What was in there that had effected such a change in the man who had entered in a grumpy mood? I stuck my head around the door briefly and was overwhelmed by a wall of foul stench. A juggernaut of dank, poor-quality Ind Coope kegged ale soaked into well-worn carpet and at least half a century’s worth of fag smoke bowled out into the porch and sent me running for the sanctuary of the grey, cracked concrete beer garden.
I was given my first taste of beer that golden, late summer afternoon. Hated it. I can’t remember whether or not I spat it out, but I did wonder how on earth anyone could possibly drink that stuff for pleasure. It would take another 10 years for the palate to become used to the idea, but the allure of pubs never went away. I was fascinated with their names; the fact they were almost always preceded by the definite article; the little white wooden signs above the door that say: “Licensed to sell intoxicating liquor on and off the premises,” in black painted scrawl, most of which I didn’t understand at that age.
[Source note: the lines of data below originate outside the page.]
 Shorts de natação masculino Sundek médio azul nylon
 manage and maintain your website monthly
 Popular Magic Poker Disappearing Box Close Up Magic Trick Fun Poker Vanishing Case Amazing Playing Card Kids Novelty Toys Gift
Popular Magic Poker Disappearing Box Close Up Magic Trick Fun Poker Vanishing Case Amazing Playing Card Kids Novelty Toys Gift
When I could first drink in pubs, anywhere would do. Yet as time passed, I began to appreciate the better ones; those that had a certain something I couldn’t quite place but nevertheless were clearly superior. I learned there wasn’t any one characteristic that made somewhere a good pub.
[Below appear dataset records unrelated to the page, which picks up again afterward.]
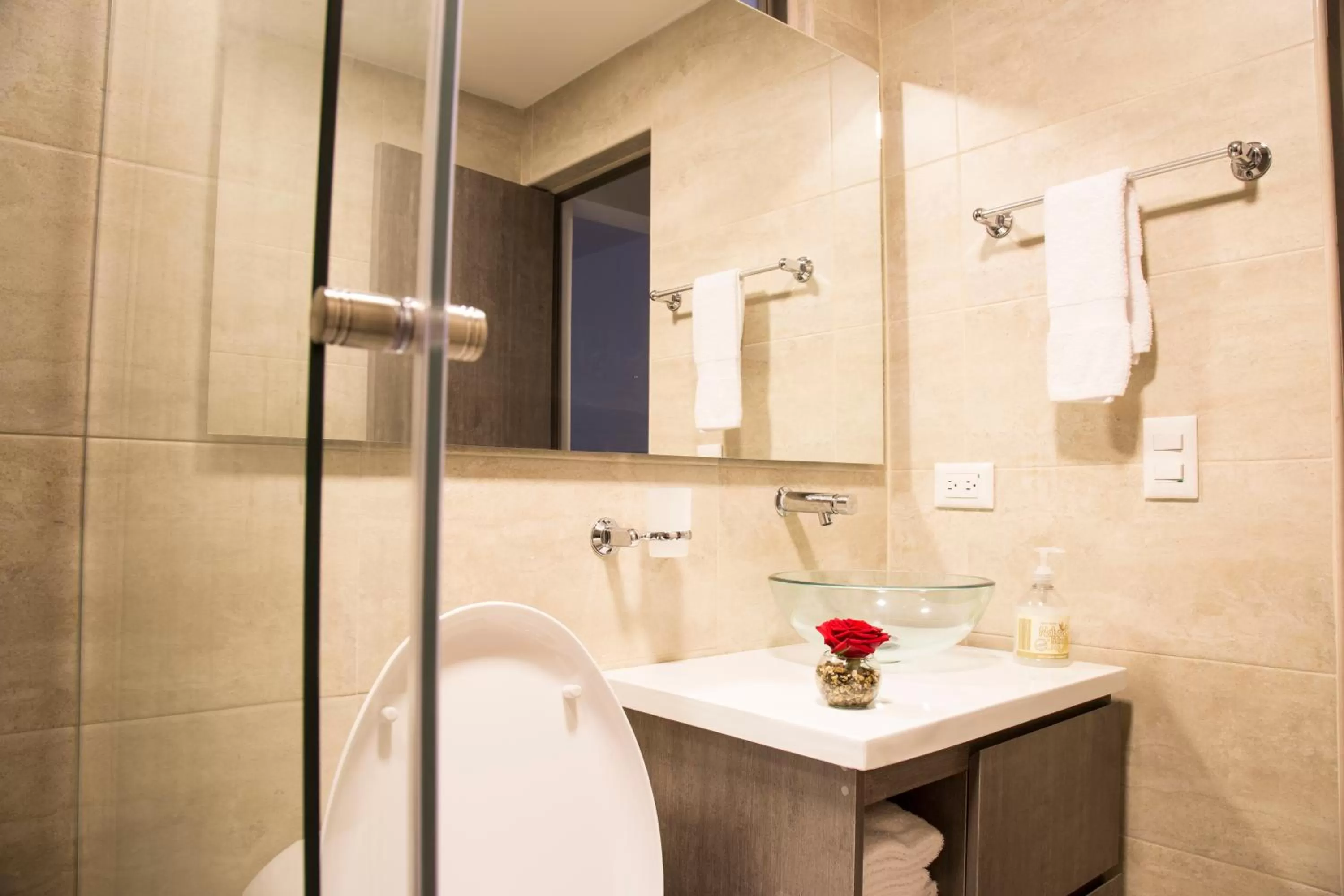 Bathroom in Agora Suites Self-Service Boutique Hotel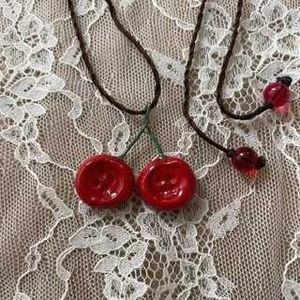 2 × Fruit Button Necklaces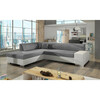 Nurgadiivan Eltap Porto, Sawana 21, Soft 17, 217 x 278 x 74 cm, valge/hall, vasakpoolne, pesukastiga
When I moved to London, I began to take notes. Collecting the good boozers and dismissing the dismal. I soon developed a compendium of them that I knew were worth visiting – the drinker’s equivalent of the cab drivers’ Knowledge. I kept adding to it for years.
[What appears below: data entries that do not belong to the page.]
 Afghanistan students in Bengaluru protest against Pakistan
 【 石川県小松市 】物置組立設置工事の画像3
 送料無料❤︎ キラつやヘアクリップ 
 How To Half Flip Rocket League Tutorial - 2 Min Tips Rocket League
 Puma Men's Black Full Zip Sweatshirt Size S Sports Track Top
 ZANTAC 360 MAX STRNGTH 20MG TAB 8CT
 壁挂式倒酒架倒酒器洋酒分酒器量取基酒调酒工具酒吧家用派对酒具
But since I arrived, the public house landscape has changed dramatically. Once famous chains are gone, others have sprung up in their stead and the beer market itself has undergone a radical upheaval. Mostly for the better but not always.
It’s the closures that have really made me put down my pint glass, stare wistfully into the distance and take notice. We are losing pubs at an alarming rate (up to 39 a week depending on which figures you believe) and, although new ones are opening, the general trend is one of decline.
In October 2014, I had a stinker of a month, but one thing kept me going. That thing was a book called Nairn’s London, in which the author, architectural correspondent and heavy drinker Ian Nairn documented the buildings that inspired him in our capital city. Among them were 27 pubs, with a further 50-odd mentioned in passing. Throughout this fascinating, inspiring guidebook, there is an underlying theme of foreboding and impending loss, which was particularly apposite for me at the time. Among many things to muse upon, I began to wonder what remained of the pubs Nairn had patronised some 50 years before. Were they still there? Were they still pubs? Would they still pass muster?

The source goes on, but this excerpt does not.